From the 1st perspective, the world and your ego are the only realities, and since the world is not and will never be organized to suit your ego, you will always suffer. (Just one of the reasons is that there are a lot of other egos out there, and their wishes and desires are often in conflict with yours.) There is no escape from suffering as long as you think your ego and the world of the 1st perspective are the only realities. When you can move to the 2nd perspective, however, you see clearly that the world was not set up to fulfill your ego desires and images of how things should be.
A significant number of people have glimpsed the 2nd perspective, but only a few have been able to sustain this 2nd way of perceiving for very long. The 1st way of perceiving is learned naturally as we are growing up, but the 2nd—perceiving the objective non-existence of things, of other people, and of your own ego-self—this requires a profound transcendent moment as well as the ability to hold that new perception after the moment has passed.
Is the goal to escape from suffering?
A statement often attributed to the Buddha is: “I teach one thing and one thing only: suffering and the end of suffering.” But if life is only suffering, why go through all the difficulty, discipline, and pain of trying to awaken? Why not just end your life and be immediately free of suffering?
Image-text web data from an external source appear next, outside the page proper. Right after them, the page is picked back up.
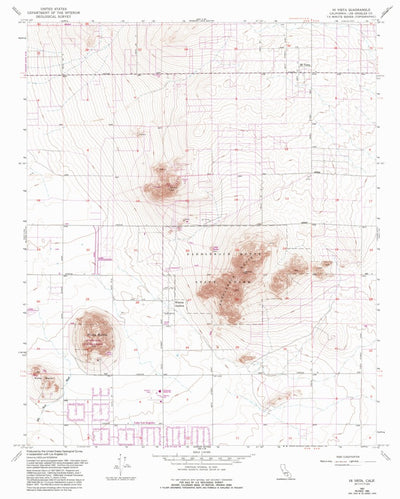 United States Geological Survey Hi Vista, CA (1957, 24000-Scale) digital map
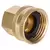 Gilmour Brass Connector 1/2 F-Pipe To 3/4 F-Hose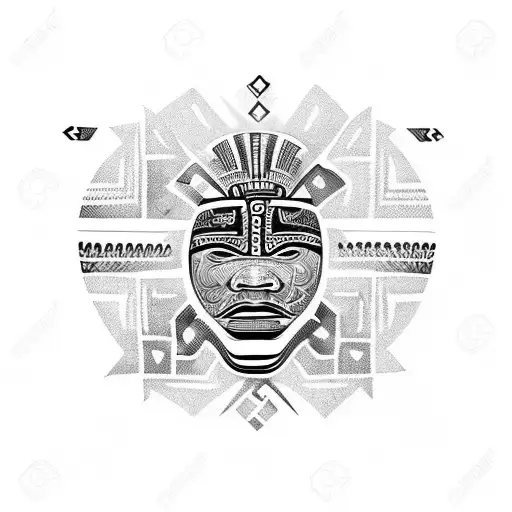 Maori design combined with Inca designs tattoo design idea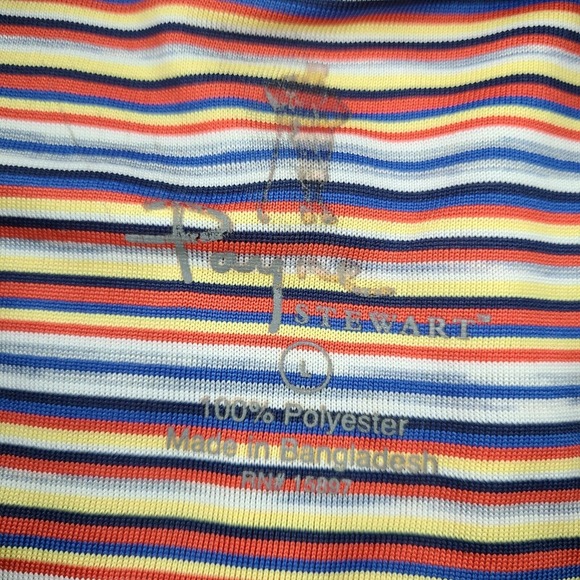 Payne Stewart Golf Polo Shirt Men’s Large Multicolor Striped (Holes) - Picture 5 of 15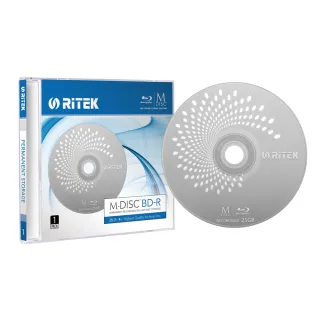 【RITEK錸德】M-DISC千年光碟 4x BD-R 25GB/單片盒裝5入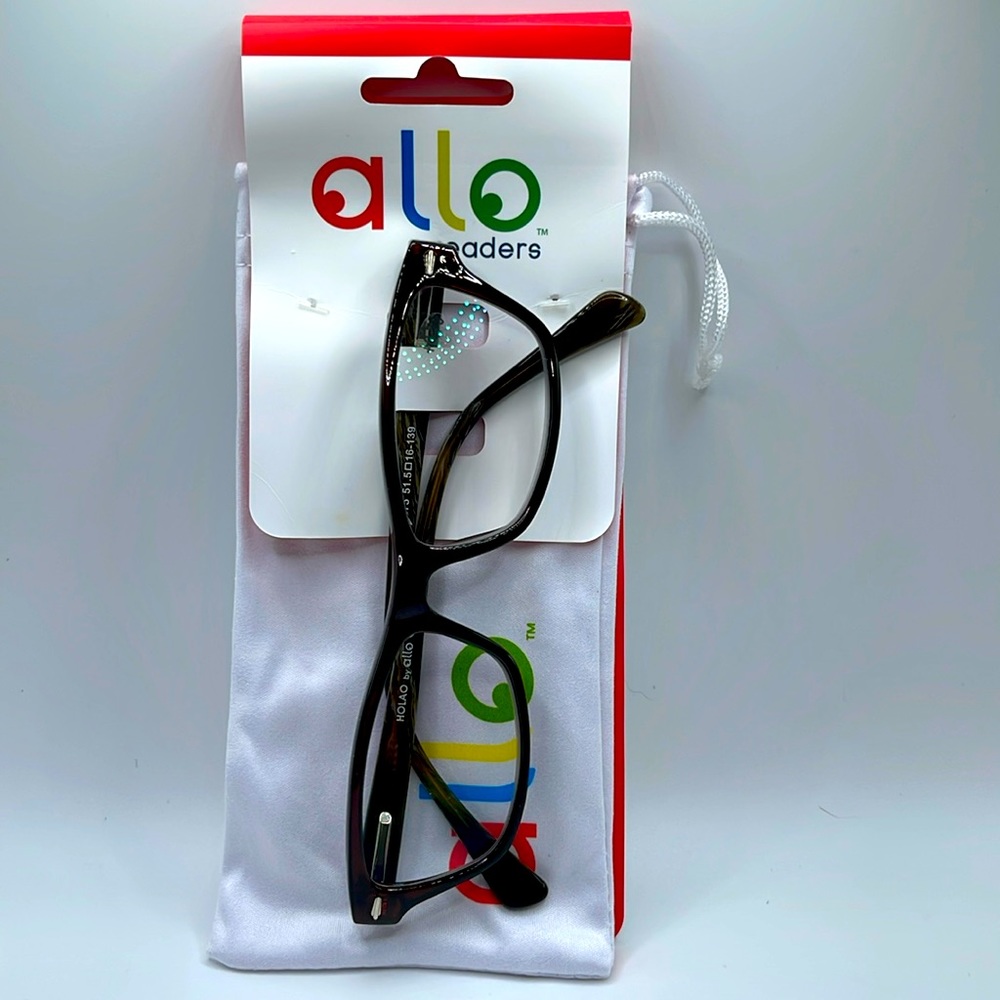 NWT. Allo .75 Readers. Brown frames.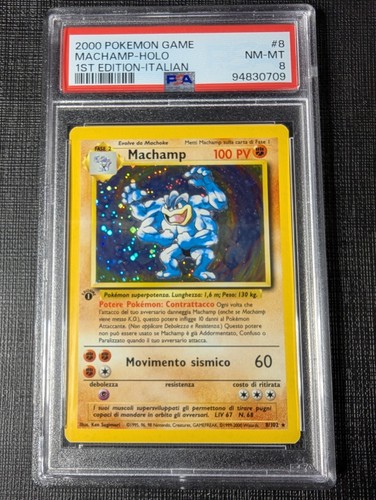 Psa machamp holo 1st prima - 8,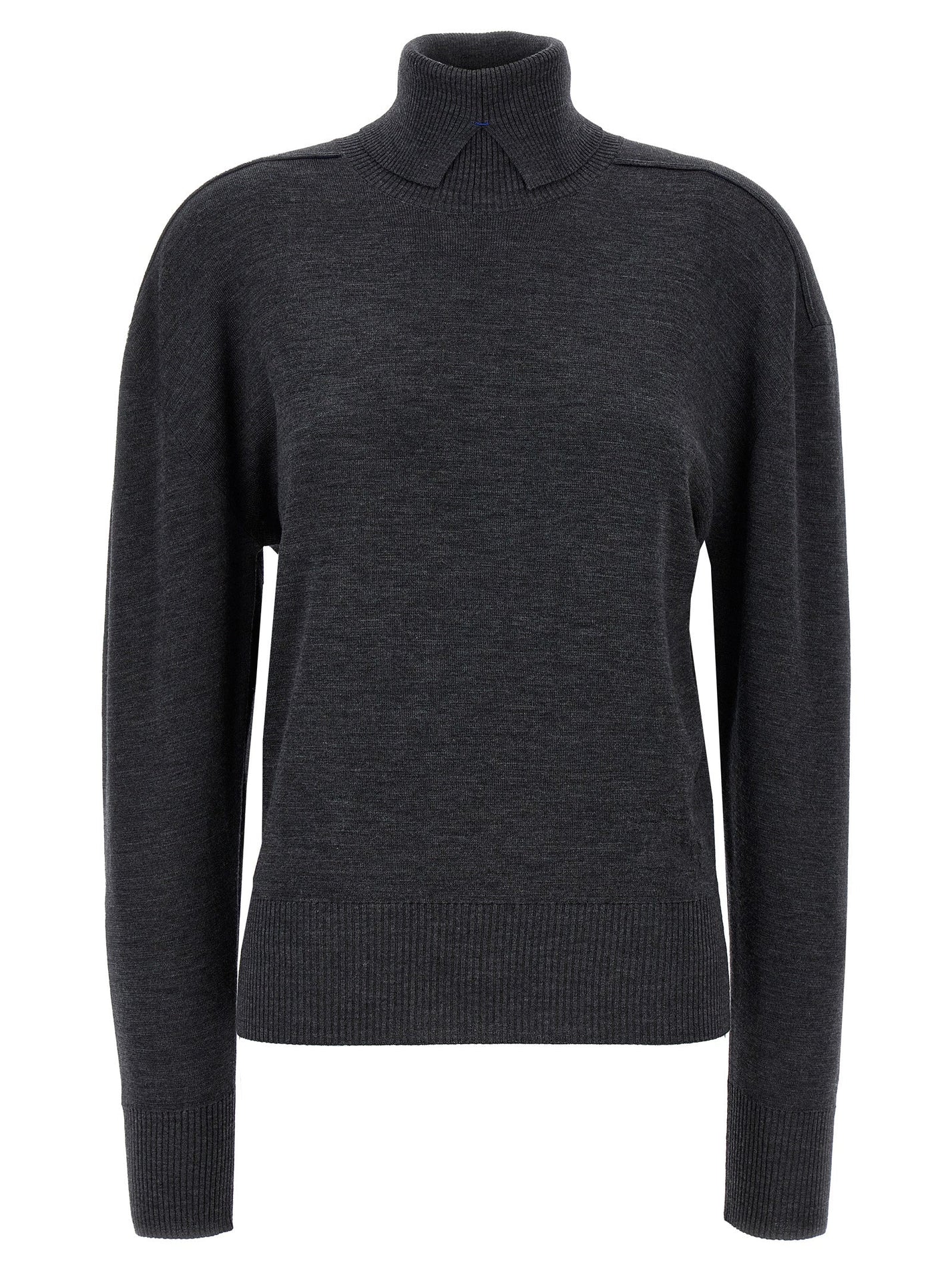 BURBERRY - BURBERRY - High neck sweater - Women’s Knitwear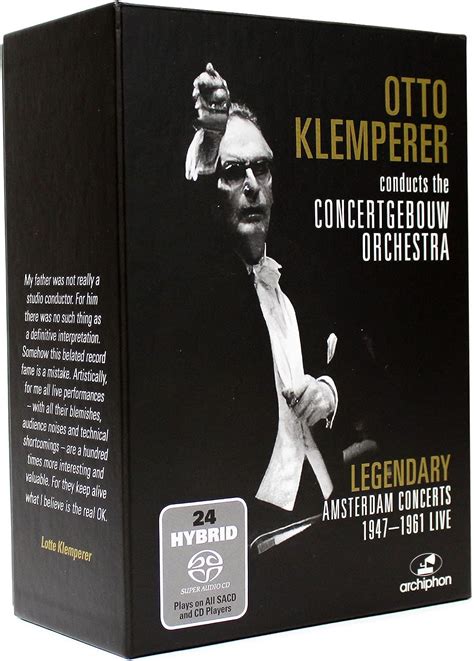 Otto Klemperer Concertgebouw Orchestra Legendary Amsterdam Concerts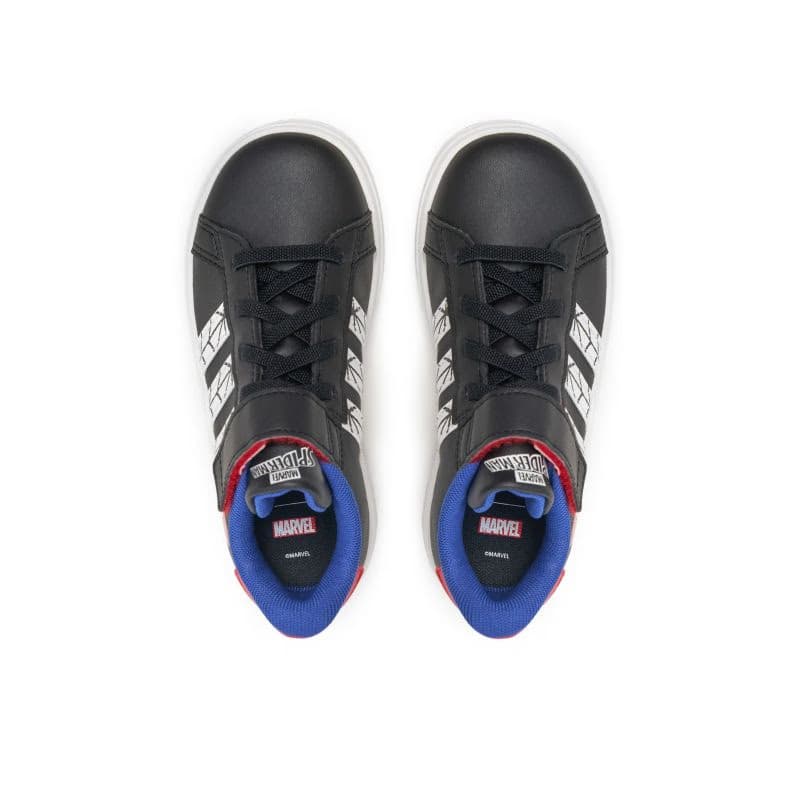 Chlapčenská rekreačná obuv ADIDAS Grand Court Marvel Spider-Man K core black cloud white semi lucid blue 3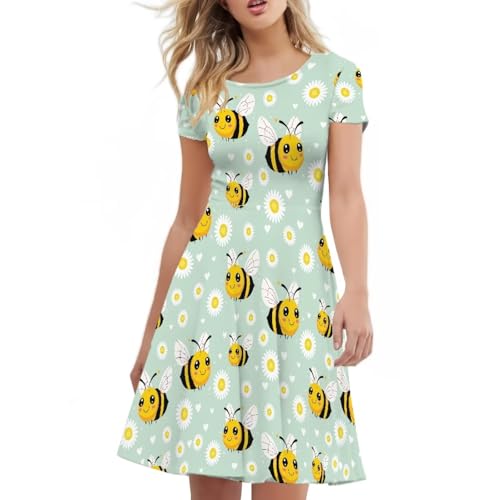 Image of Forchrinse Native Aztec Style Black White Geometric Women's Midi Dress Casual Long Dress Round Neck Swing Dress
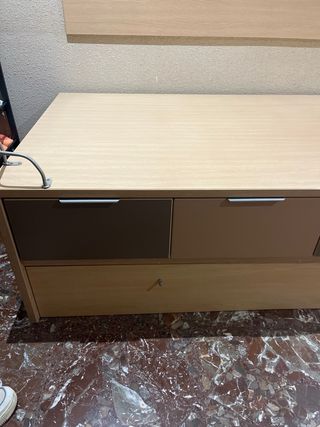 Mueble cama 90cm con cajones y arrastre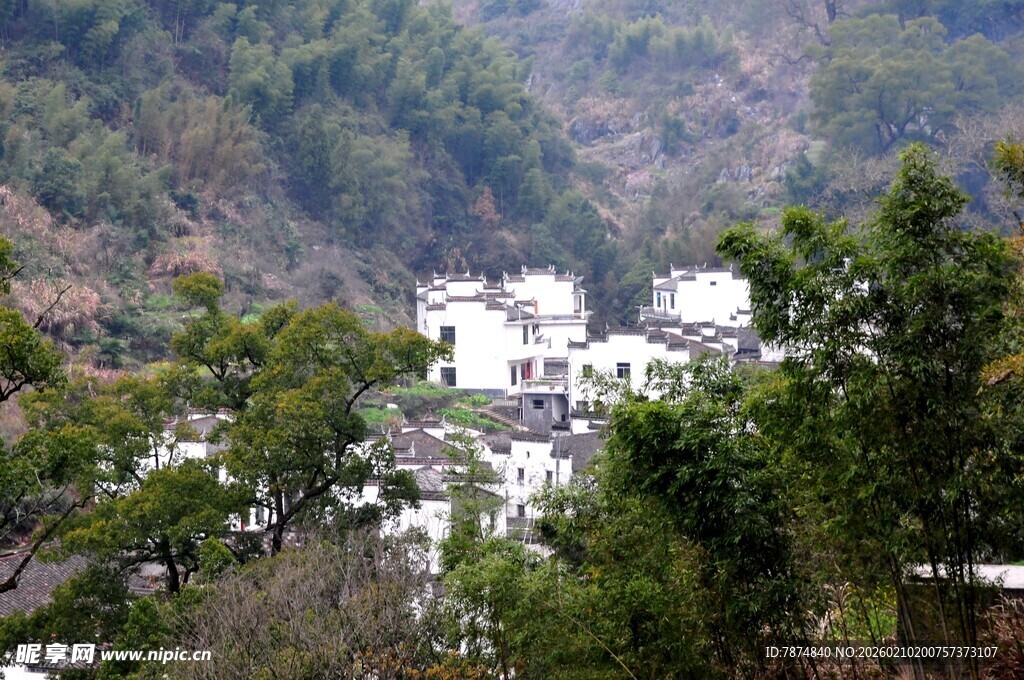 婺源山间村落美景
In the Buddha’s time and place, one answer to that question was that after death you are born again, reincarnated over and over, and if you didn’t find release from the wheel of rebirth in this life, your next birth might be even more difficult. This answer is sufficient for anyone who believes in reincarnation, but for those who have not made reincarnation an act of faith, this idea does not provide a reason to go on living.
Another issue for me is that my experience of life is that it is not primarily made up of suffering. Not even close. I have had many wonderful moments, including great adventures, satisfying achievements, the joy of helping others, terrific sex, the pleasures of music, literature, theater, watching sunsets, talking with friends. During much of my life, the good times have far out-weighed the suffering. So why would I want to focus on suffering?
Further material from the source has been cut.